Massachusetts Governor Downplays President Biden’s Federal Cannabis Pardon

A week after President Joe Biden called on the nation’s governors to pardon state-level cannabis possession convictions, Massachusetts Governor Charlie Baker said no thanks, he’d stick with the state’s current system.

Baker, who initially declined to say what he would do during his remaining months as governor, pointed to a 2018 piece of legislation he signed into law allowing individuals once prosecuted for marijuana-related conduct to seek out and erase their records.

Anybody in Massachusetts who wants to expunge their record appropriately can do so now, under existing state law,” Baker said. “Massachusetts has passed an expungement law for anybody convicted of simple possession of marijuana back in 2018 (…) And we signed legislation last year to make the process even easier.

Massachusetts Governor, Charlie Baker

Governor Baker added that the pardon process is complicated and doesn’t happen overnight. “I think at this point the fastest, easiest and quickest way for somebody to deal with an issue around simple possession would be to just pursue the expungement process. It’s why it’s there.”

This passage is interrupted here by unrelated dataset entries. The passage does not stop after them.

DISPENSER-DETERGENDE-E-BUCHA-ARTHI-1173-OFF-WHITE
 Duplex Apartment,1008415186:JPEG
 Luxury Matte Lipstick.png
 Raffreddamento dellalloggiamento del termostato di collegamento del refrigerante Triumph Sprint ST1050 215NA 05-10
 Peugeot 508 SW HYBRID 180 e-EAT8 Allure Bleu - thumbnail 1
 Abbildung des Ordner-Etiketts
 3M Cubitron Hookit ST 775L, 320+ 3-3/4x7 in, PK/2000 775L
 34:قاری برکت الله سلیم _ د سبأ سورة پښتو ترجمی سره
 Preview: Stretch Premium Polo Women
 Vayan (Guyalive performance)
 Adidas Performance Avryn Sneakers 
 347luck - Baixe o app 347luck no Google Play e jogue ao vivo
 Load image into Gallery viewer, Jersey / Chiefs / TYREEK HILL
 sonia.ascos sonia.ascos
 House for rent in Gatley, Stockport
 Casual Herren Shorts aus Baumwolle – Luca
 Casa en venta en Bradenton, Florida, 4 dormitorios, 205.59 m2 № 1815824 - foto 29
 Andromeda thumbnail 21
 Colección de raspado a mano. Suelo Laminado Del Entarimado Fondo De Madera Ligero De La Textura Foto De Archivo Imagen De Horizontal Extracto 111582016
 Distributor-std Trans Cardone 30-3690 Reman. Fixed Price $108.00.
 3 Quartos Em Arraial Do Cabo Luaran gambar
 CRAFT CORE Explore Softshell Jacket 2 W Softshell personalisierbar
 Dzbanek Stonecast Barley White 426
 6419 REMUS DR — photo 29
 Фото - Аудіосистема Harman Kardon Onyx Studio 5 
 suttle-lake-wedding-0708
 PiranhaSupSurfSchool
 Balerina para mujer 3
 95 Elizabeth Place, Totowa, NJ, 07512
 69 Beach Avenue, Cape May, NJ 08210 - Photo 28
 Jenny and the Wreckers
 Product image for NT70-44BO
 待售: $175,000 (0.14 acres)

Meanwhile, MA’s Attorney General Maura Healey (D) said she would pardon cannabis convictions if she were elected governor.

By contrast, Republican candidate Geoff Diehl said he would not and called Biden’s request “the latest in a series of outrageous moves (…) to eliminate consequences for wrongful actions.”

Massachusetts Senators Elizabeth Warren (D) and Ed Markey (D) expressed support for Biden’s decision, calling pardons and legalizing marijuana at the federal level positive moves, reported MassLive.

Finally, state lawmakers argue that the expungement process is difficult for people to navigate, and a governor’s pardon would be more efficient.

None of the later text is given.